Let $T: X \rightarrow X$ be a continuous, linear operator on some Banach space $X$.
We defined the approximate point spectrum $AP\sigma(T)$ as the set
$$
\{ \lambda \in \mathbb{C} : \lambda – T \;\text{is not injective or}\; \text{Im}(\lambda – T) \;\text{is not closed in X} \}.
$$
I want to show equivalence with the definition
$$
\lambda \in AP\sigma(T) :\Leftrightarrow \exists (x_n) \subset X, \Vert x_n \Vert =1 \;\text{with}\; \Vert \lambda x_n – Tx_n\Vert \rightarrow 0.
$$
What I have done: "$\Leftarrow$".
What I need: Show that if $\lambda -T$ is injective and $\text{Im}(\lambda – T)$ is not closed in $X$, then there is a sequence such as above.
Best Answer
Suppose that $\lambda I-T$ is injective and that the range $\mathcal{R}(\lambda I -T)$ is not closed. Then $(\lambda I-T)^{-1}$ cannot be bounded $(*)$. This implies the existence of a sequence of unit vectors $\{ e_n \}\subset \mathcal{R}(\lambda I-T)$ such that $\|(\lambda I-T)^{-1}e_n\|\rightarrow\infty$. Then $$ f_n= \frac{1}{\|(\lambda I-T)^{-1}e_n\|}(\lambda I-T)^{-1}e_n $$ is a sequence of unit vectors such that $$ \Vert(\lambda I-T)f_n\Vert =\frac{1}{\|(\lambda I-T)^{-1}e_n\|} \Vert e_n\Vert \rightarrow 0. $$ Hence $\lambda$ is in the approximate point spectrum of $T$.

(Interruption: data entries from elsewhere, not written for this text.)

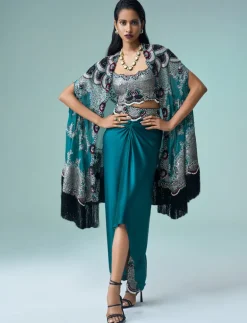Teal Hand Embroidered Midi Cape & Pick Up Skirt Set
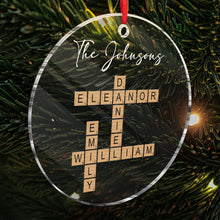 Custom Puzzle Crossword Ornament - Personalized Acrylic Ornament - Gift For Family, Friends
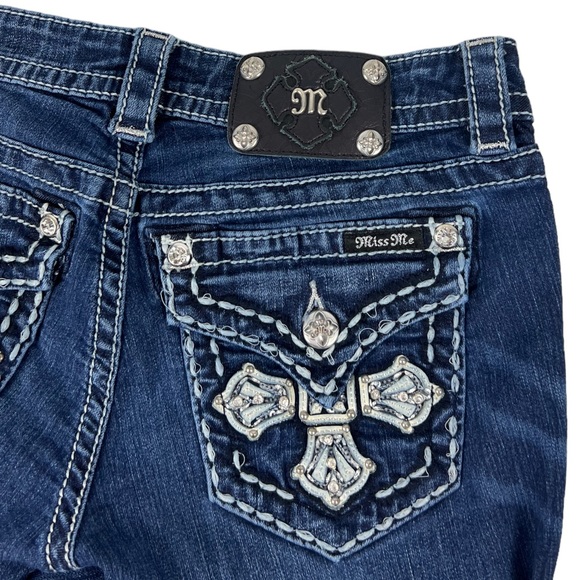 Miss Me Womens 28 X 32 (actual) Jeans Signature Boot Blue Cotton Blend Size 27 - Picture 9 of 12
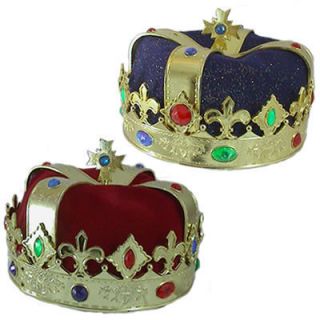 Hat Crown King Queen Costume Stage Prop Red or Blue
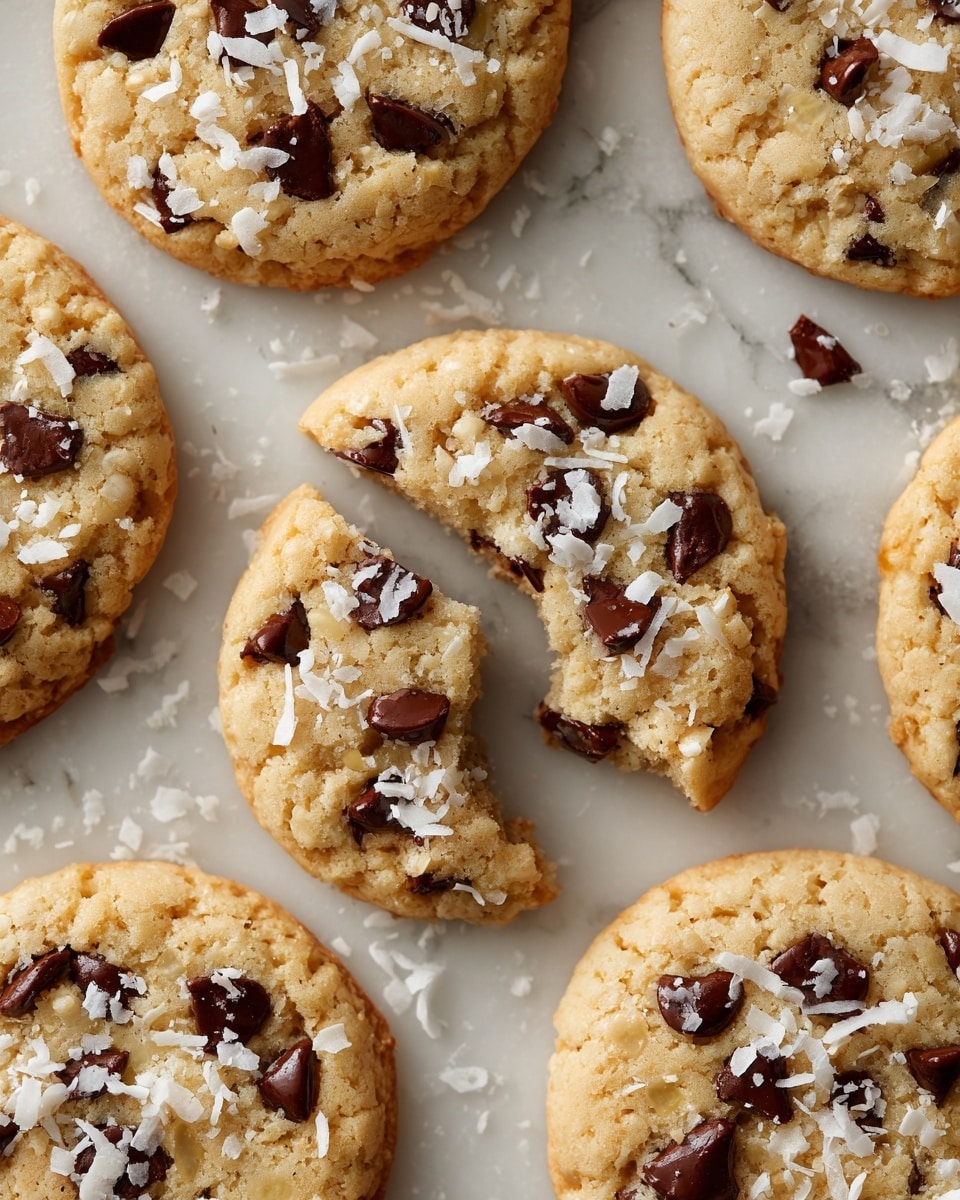 A close-up view of several soft, golden-brown cookies scattered on a white marbled surface, each cookie studded with gooey, dark chocolate chips and sprinkled with thin, light-colored shredded coconut pieces. One cookie in the center is stacked on top of another, with a bite taken out of the top cookie, revealing a soft, moist interior filled generously with melted chocolate chunks. The texture of the cookies looks chewy and slightly crumbly, with visible cracks and rough edges. Photo taken with an iphone --ar 4:5 --v 7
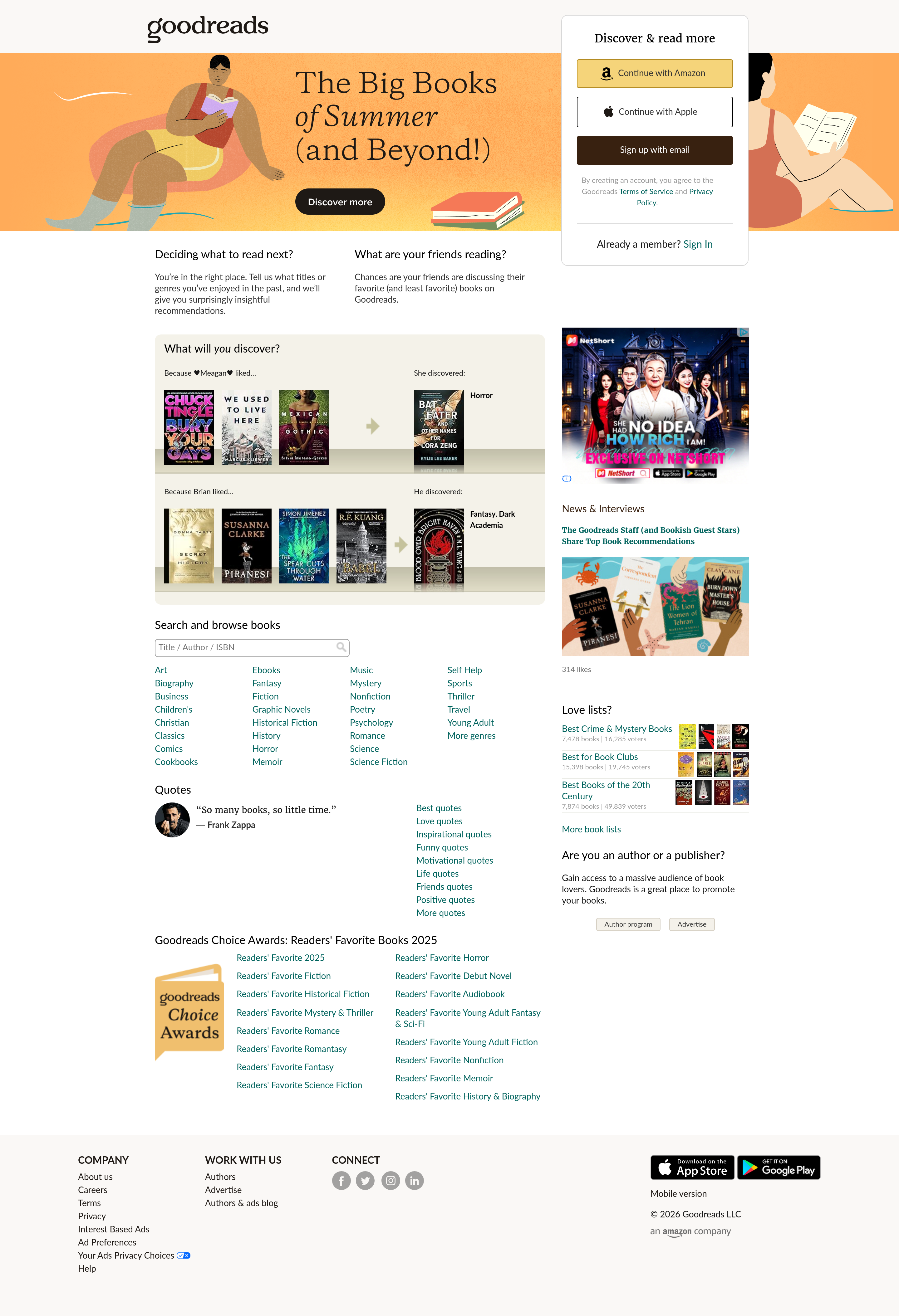 Screenshot of goodreads.com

$(*)$ Assume that $(\lambda I-T)^{-1}\colon\mathcal{R}(\lambda I-T)\to X$ is bounded. Then, it can be extended to a bounded linear operator acting on the closure of its domain, i.e. $R_{\lambda}\colon\overline{\mathcal{R}(\lambda I-T)}\to X$. Now, by continuity $$ (\lambda I-T)(\lambda I-T)^{-1}x=x ,\;\;\; \forall x\in\mathcal{R}(\lambda I-T) $$ extends to $$ (\lambda I-T)R_{\lambda}x=x,\;\;\; \forall x\in\overline{\mathcal{R}(\lambda I-T)}. $$
This means that $\overline{\mathcal{R}(\lambda I - T)}\subseteq \mathcal{R}(\lambda I - T)$ implying that $\lambda I-T$ has closed range.